During his employment with defendant, plaintiff received compensation at the rate of $1.90 per hour for 758 hours and 40 minutes. Plaintiff alleges that he was entitled to a minimum wage of $2.60 per hour during his employment, and herein sues for the difference between the wages paid and the minimum wage, i. e., $.70 per hour for 758 hours and 40 minutes, or $531.07. Plaintiff bases his claim on our minimum wage law which reads as follows:

“Specifications upon which contracts are entered into for the construction, alteration or repair of any public work, for which the State appropriates any part of the funds, shall, as far as possible, contain the minimum rate of wages which may *495 be paid by the contractor, or his subcontractors, for the work performed by laborers and mechanics employed on such public work, and such laborers or mechanics shall be paid not less than such minimum wage or wages.” Del. Code Ann. tit. 29, § 6913 (1953).

The minimum wage for carpenters, such as plaintiff, was $2.60 per hour.

Both parties have filed motions for summary judgment based upon the pleadings, depositions and agreed statement of facts.

The sole question presented in this case is whether plaintiff is entitled to the benefits of our minimum wage law. Defendant asserts that plaintiff is not so entitled and makes the following two contentions: (1) plaintiff cannot maintain a civil action based on the minimum wage law since it is wholly criminal in nature; and (2) plaintiff was not “employed on such public work” as required by the statute and is therefore not covered by its provisions. I will consider defendant’s contentions in this order.

In support of its contention that our minimum wage law is wholly penal in nature and confers no cause of action on plaintiff herein, defendant states that our law is similar to the Federal Bacon-Davis Act, 40 U. S. C. A. §§ 276a-276c. The Bacon-Davis Act is “declarative of public policy and penal in nature.” Willis v. E. I. Du Pont De Nemours & Co., D. C. E. D. Okl. 1948, 76 F. Supp. 1010, 1013, reversed 10 Cir., 171 F. 2d 51. However, the Bacon-Davis Act specifically provides that if a contractor has failed to pay the minimum wage required, and if funds withheld by the Comptroller General are Insufficient to reimburse the laborer for this deficiency in wage payment, then the laborer shall have a right of action against the contractor for the deficiency. 40 U. S. C. A. § 276a-2(b); Willis v. E. I. DuPont De Nemours & *496 Co., supra, 76 F. Supp. at page 1013. Part of accrued payments due the contractor may be withheld to make up the difference between the minimum wage required and the wage actually paid to laborers. 40 U. S. C. A. § 276a. The Comptroller General is authorized to pay wages found to be due any laborer from these sums withheld. 40 U. S. C. A. § 276a-2(a).

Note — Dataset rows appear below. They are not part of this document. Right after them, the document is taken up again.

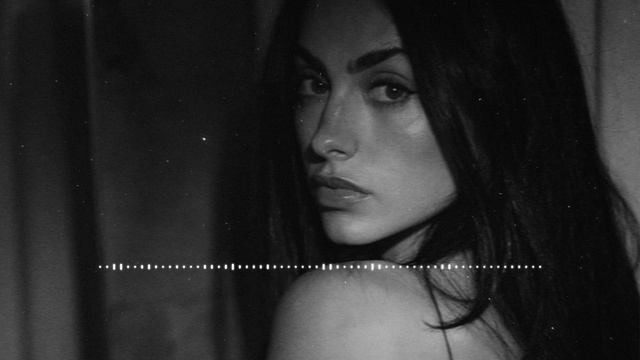 HilalDeep & Gravitydeep - Unspoken (Original Mix)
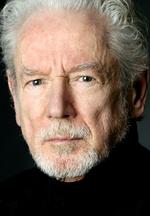 Tom Strauss Aktor Tom Strauss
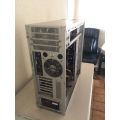 Core i5 4670K, GTX 960 2GB, 8GB DDR3, 256GB SSD Gaming PC for sale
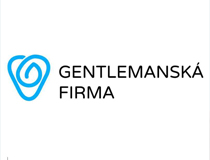 SHM – Gentlemanská firma roku 2022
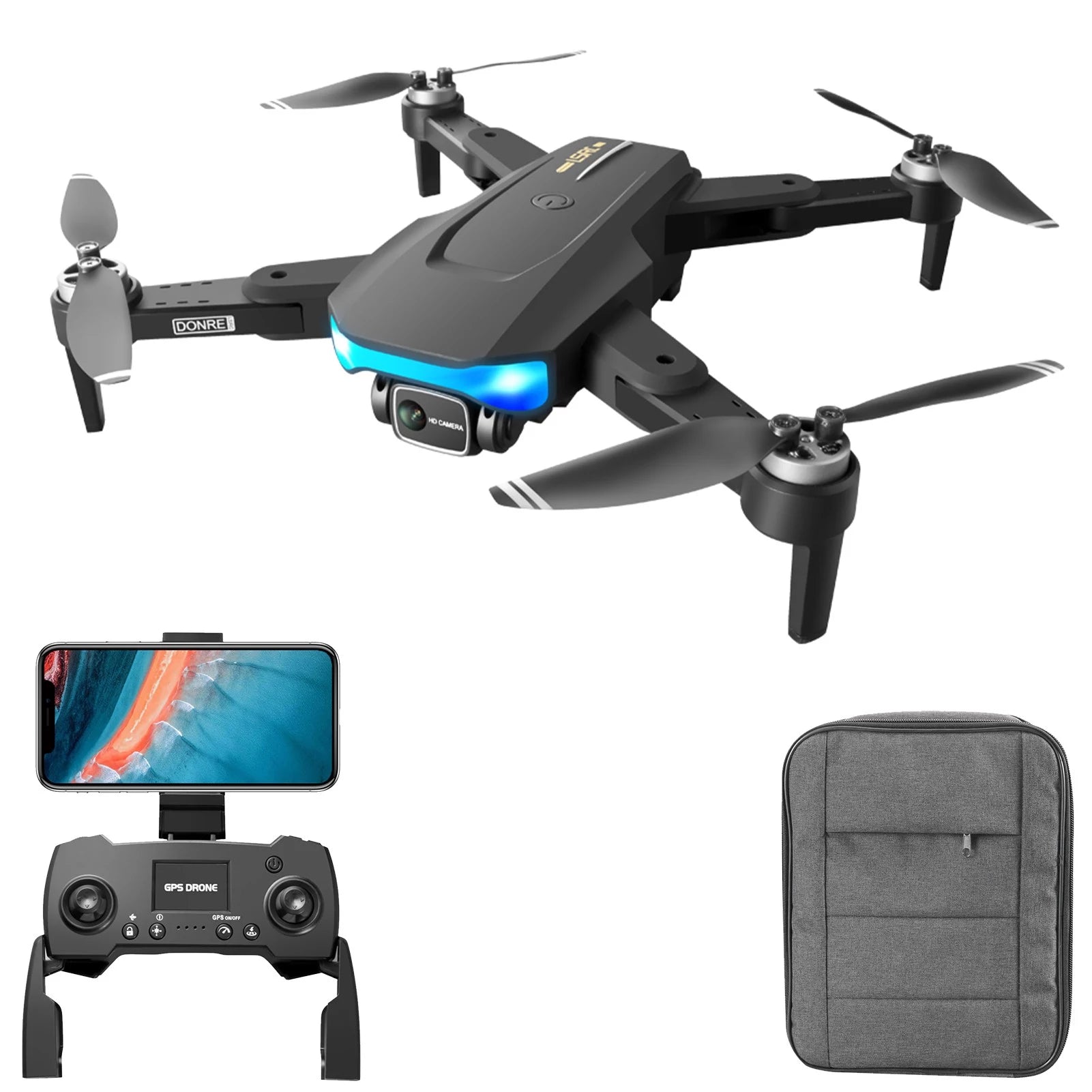 KBDFA LS38 Drone - EIS professional aerial photography Camera Hd 6K HD 5G WIFI Optical Flow Localization Quadcopter Toys Professional Camera Drone 1 KBDFA LS38 Drone - EIS professional aerial photography Camera Hd 6K HD 5G WIFI Optical Flow Localization Quadcopter Toys Professional Camera Drone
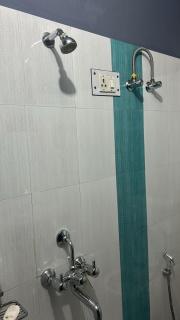 THE LUSH - House Party And Home Stay - 9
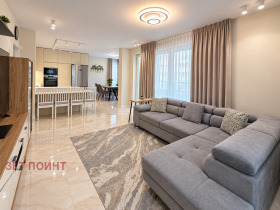 ���� ��� ���� 4-����� | Imot.bg � ����� ������ 2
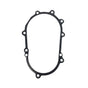 CRANKCASE HOUSING COVER GASKET FITS MERCEDES-BENZ AXOR MK2,MITSUBISHI,4570110880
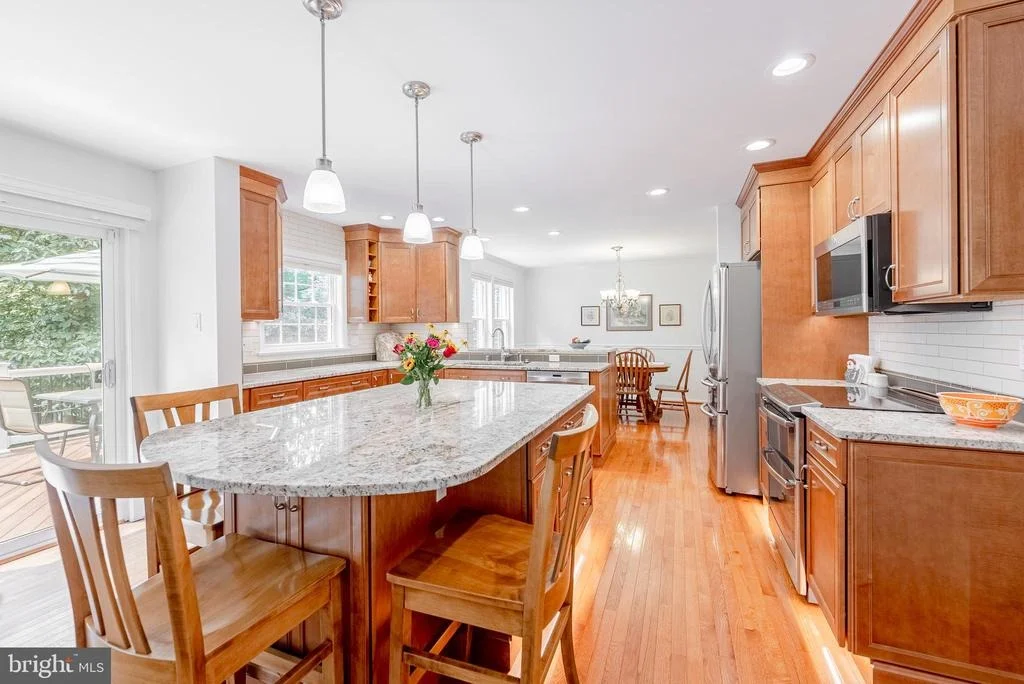 Photo of 10922 SHADOW LANE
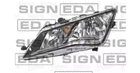 signeda-zst111637l 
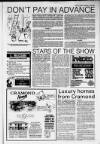 East Kilbride World Friday 07 February 1992 Page 17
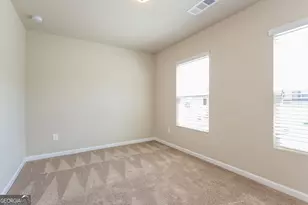 106 Bradford Ct, Dallas, GA 30157 - Photo 9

The scheme of the Bacon-Davis Act seems to be this: sums are withheld from the contractor to make up the difference between the required minimum wage and the wage actually paid a laborer; this sum is paid over to a laborer who received less than the minimum wage; if this sum is insufficient to fully compensate a laborer, then he may sue the contractor for the deficiency.

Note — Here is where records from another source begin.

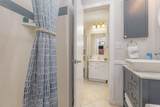 415 Ocean Creek Dr. - Photo 15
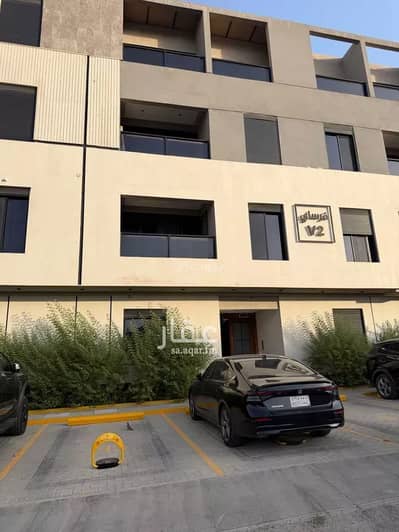 3 Bedroom Flat for Rent in North Riyadh, Riyadh - Apartment For Rent in Al Malqa, Riyadh 3 Bedroom Flat for Rent in North Riyadh, Riyadh - Apartment For Rent in Al Malqa, Riyadh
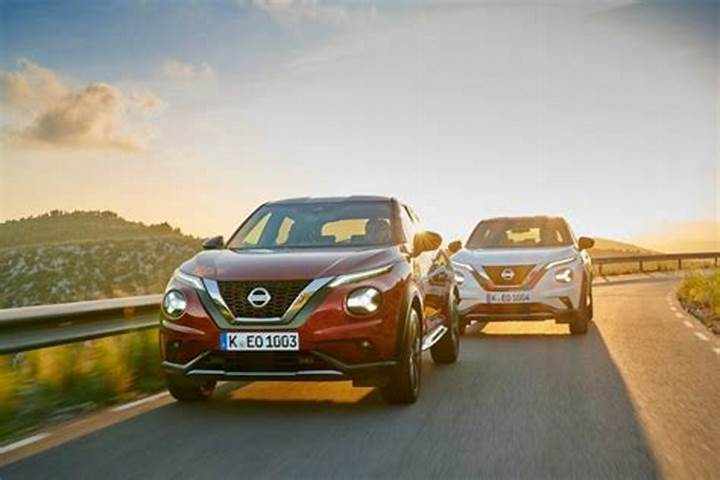 OneNav 10.1inch for Qashqai/X-trail with 360 cam (2015+)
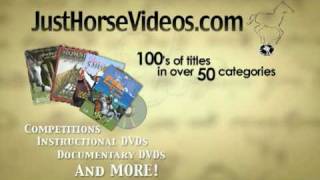 Just Horse Videos.com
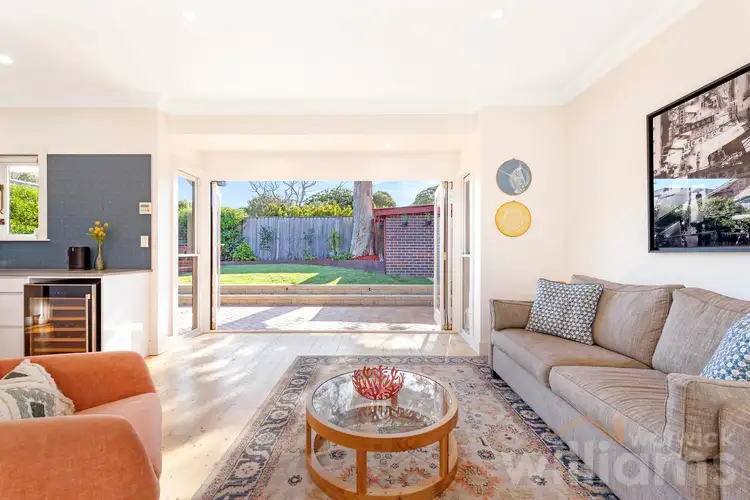Fourth view of Homely house listing, 10 Boronia Avenue, Russell Lea NSW 2046
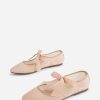 Tmhaitao.shope590b41156 10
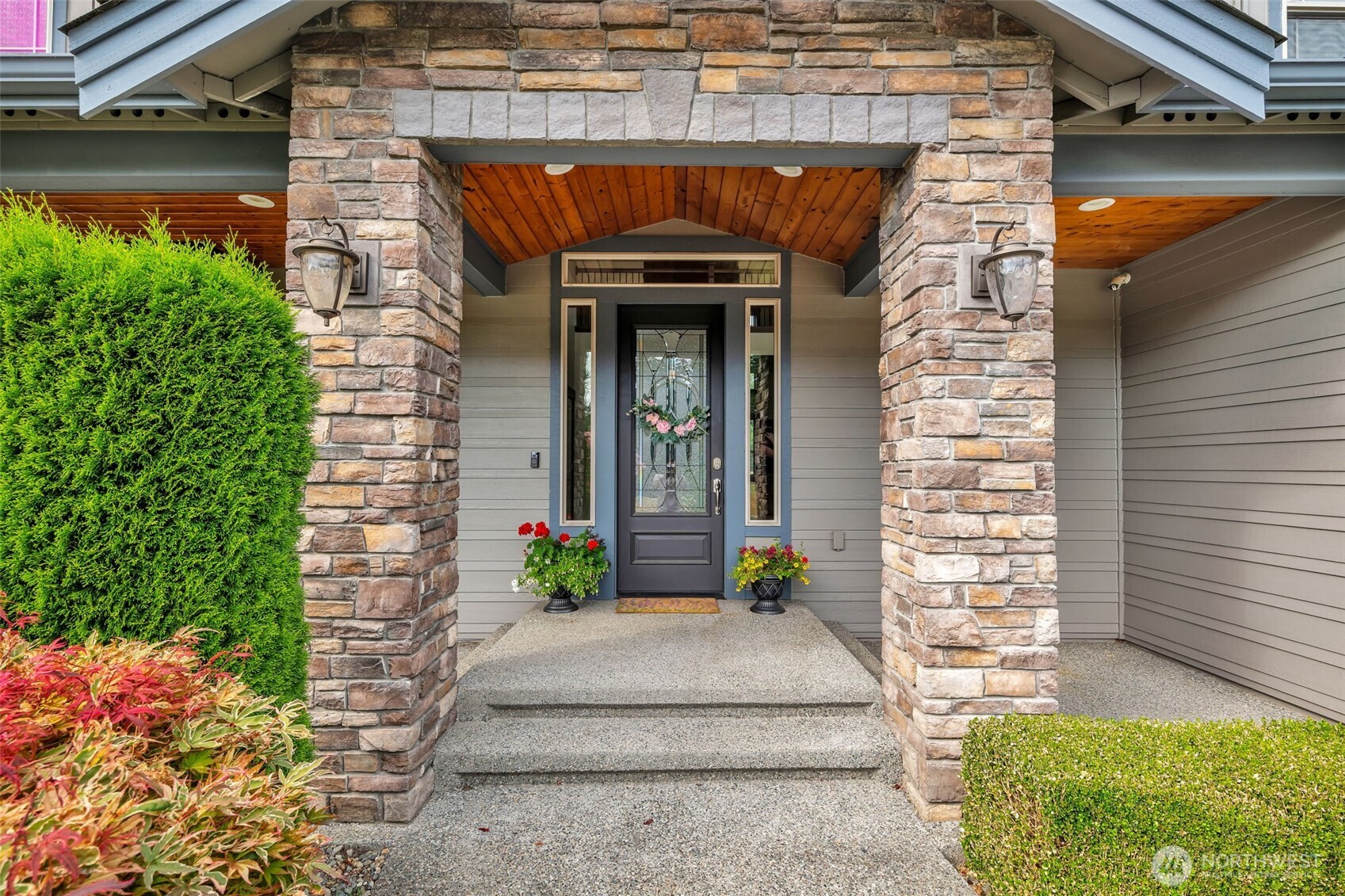 Residential in Lake Stevens 3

In comparison, our minimum w;age law provides that contracts entered into under the law “shall stipulate a penalty of an amount equal to three times the difference between the minimum wage * * * and the wage actually paid * * *” where the latter is less than the former. Del. Code Ann. tit. 29, § 6914 (1953). Inspectors shall check to ascertain if the minimum wages are being paid, and upon finding out they are not so paid, the penalty “shall be withheld and deducted, for the use of the State, from any moneys due the contractor * * *” § 6914, supra. However, § 6914 does not state what disposition is to be made of the penalty withheld other than it shall be deducted “for the use of the State”.

Two material differences between our law and the Bacon-Davis Act are apparent: (1) our law does not provide that withheld sums shall be paid to the laborer; and (2) the laborer is not specifically given a cause of action against the contractor under our minimum wage law. The logical inference is that our General Assembly intended that part of the withheld penalty should be paid over to the employee who was paid less than the minimum wage to compensate such employee for the difference between the minimum wage and *497 the lesser wage he received. It also seems logical to assume that if the employee is not fully compensated, then he may maintain a cause of action against his employer for the deficiency. Such a civil remedy is not specifically denied by the law. However, I am not required to interpret our minimum wage law to this extent for the purpose of deciding the case at bar. I have done so merely to point out that while our law is penal in nature, it is not wholly penal.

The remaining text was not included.